* [What needs to be done] With images removed, return the whole listing exactly as written.
━━━━━ Records shown
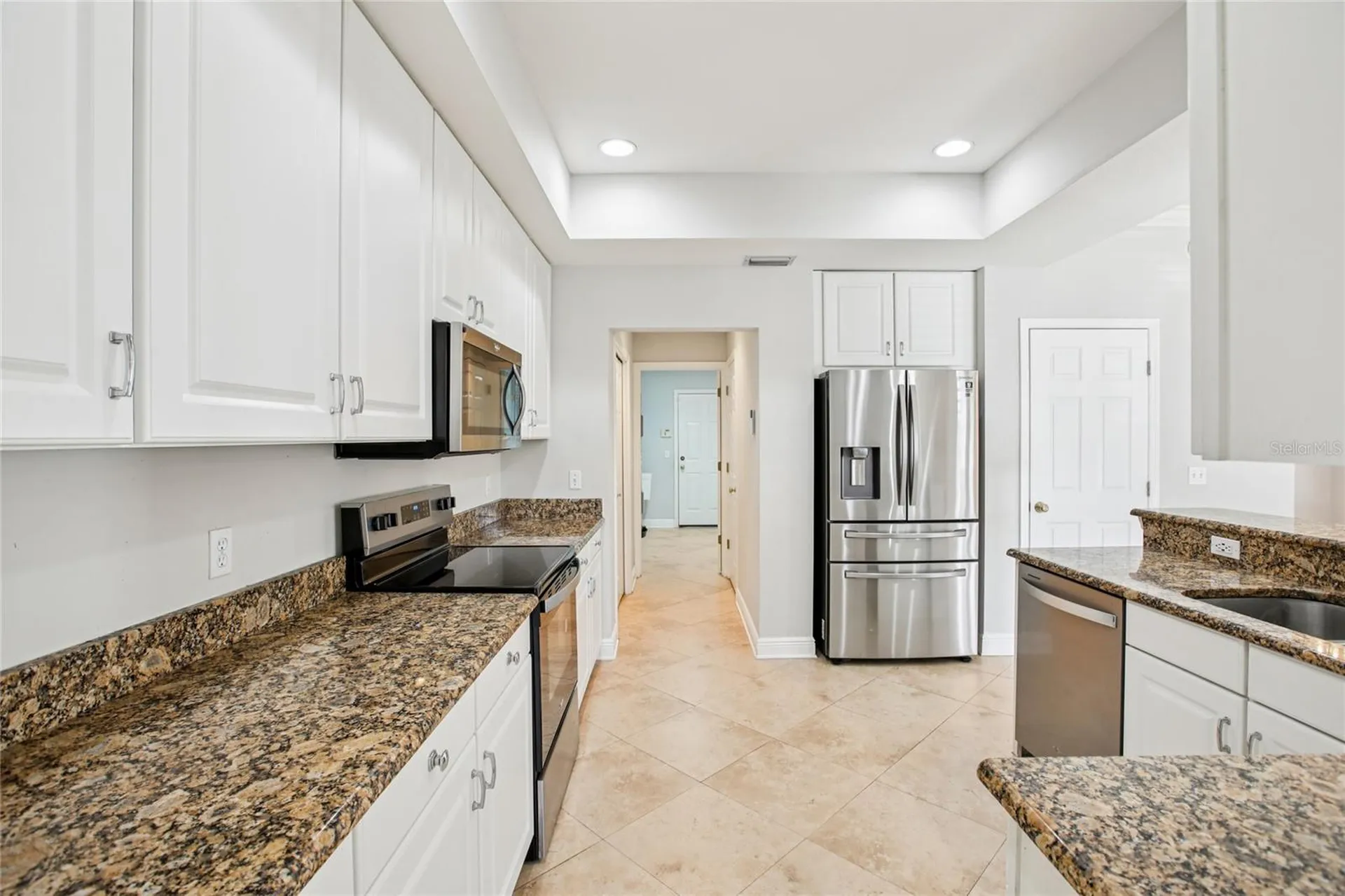 270 Cleveland Avenue Largo FL 33770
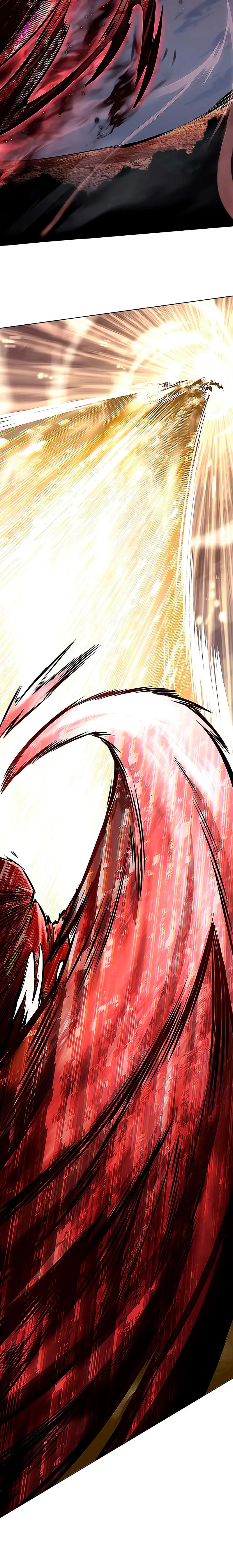Read Lightning Degree ES Manga Online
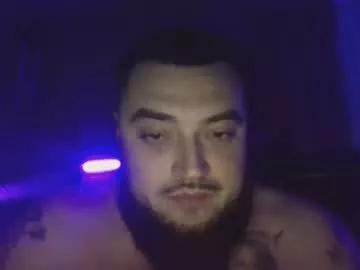 xxbarbiexokevxx from Chaturbate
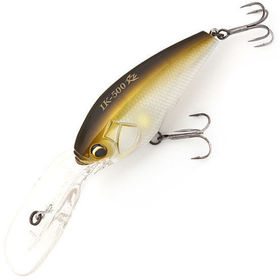 Воблер Imakatsu Crank IK-500R2 (25 г) 875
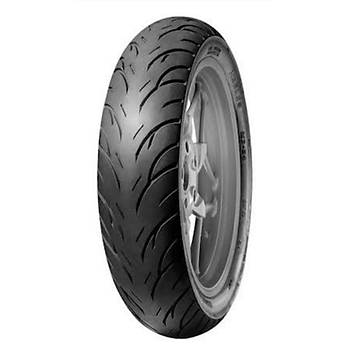 150/70-14  Motosiklet Lastiği Fiyatı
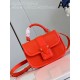 LOUIS VUITTON Louis Vuitton tote bag 2023FW Sale during the year-end and New Year holidays LOUIS VUITTON Louis Vuitton tote bag 2023FW Sale during the year-end and New Year holidays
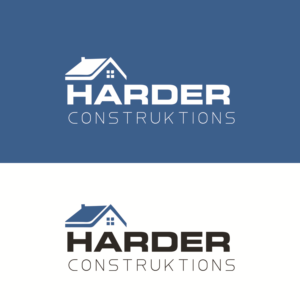 Logo Design by dr ghulam mustafa sahab for Goldholdt Capital | Design: #17671463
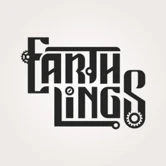 Logo of Earthlings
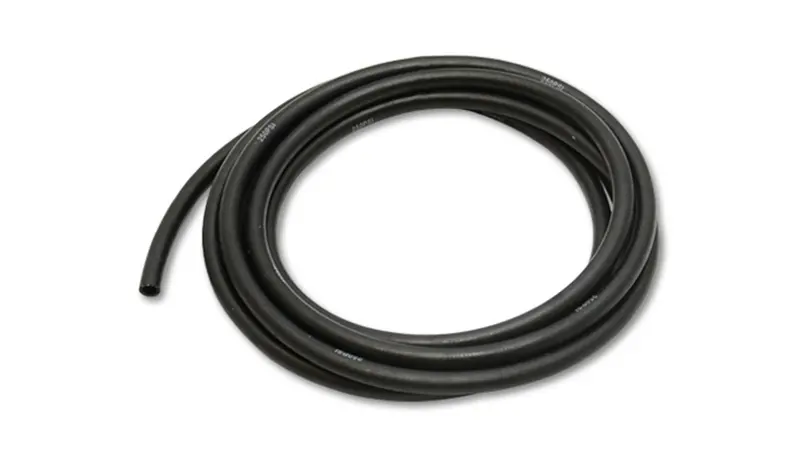Vibrant Performance 16314 Flex Hose For Push-On Style Fittings 1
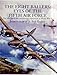 Produktbild The Eight Ballers: Eyes of the Fifth Air Force: The 8th Photo Reconnaissance Squadron in World War II (X Planes of the Third Reich Series)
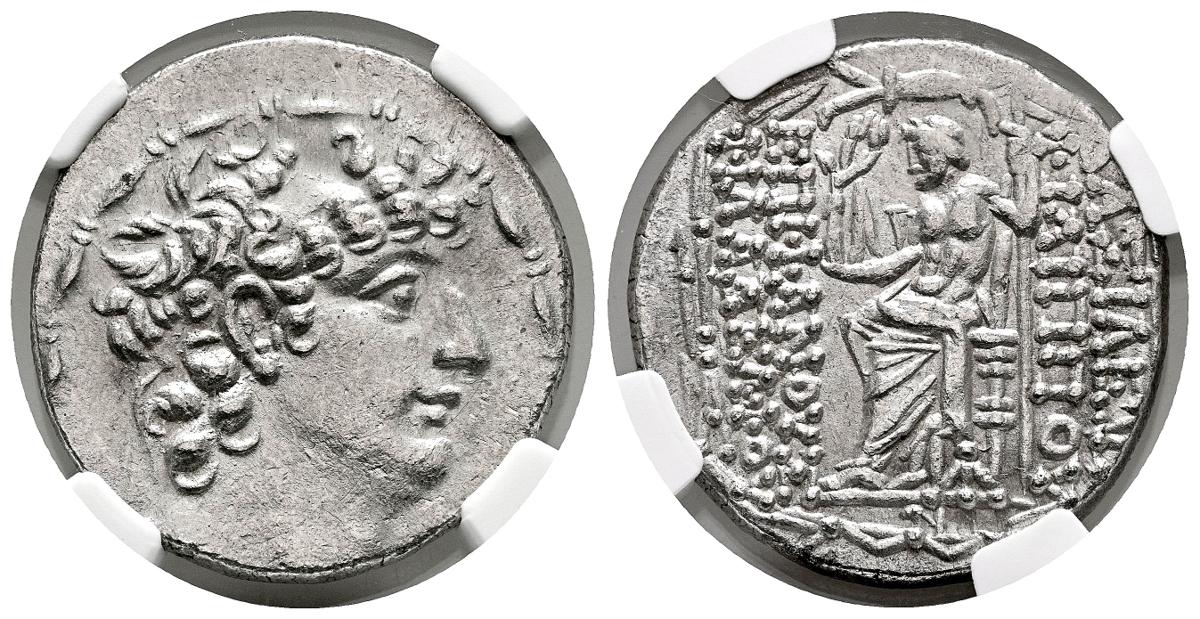 200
━━━━━━━━━━
* [Solved exercise]
 270 Cleveland Avenue Largo FL 33770
Read Lightning Degree ES Manga Online
 xxbarbiexokevxx from Chaturbate
 Воблер Imakatsu Crank IK-500R2 (25 г) 875
 150/70-14  Motosiklet Lastiği Fiyatı
 LOUIS VUITTON Louis Vuitton tote bag 2023FW Sale during the year-end and New Year holidays LOUIS VUITTON Louis Vuitton tote bag 2023FW Sale during the year-end and New Year holidays
 Logo Design by dr ghulam mustafa sahab for Goldholdt Capital | Design: #17671463
 Logo of Earthlings
Vibrant Performance 16314 Flex Hose For Push-On Style Fittings 1
 Produktbild The Eight Ballers: Eyes of the Fifth Air Force: The 8th Photo Reconnaissance Squadron in World War II (X Planes of the Third Reich Series)
 200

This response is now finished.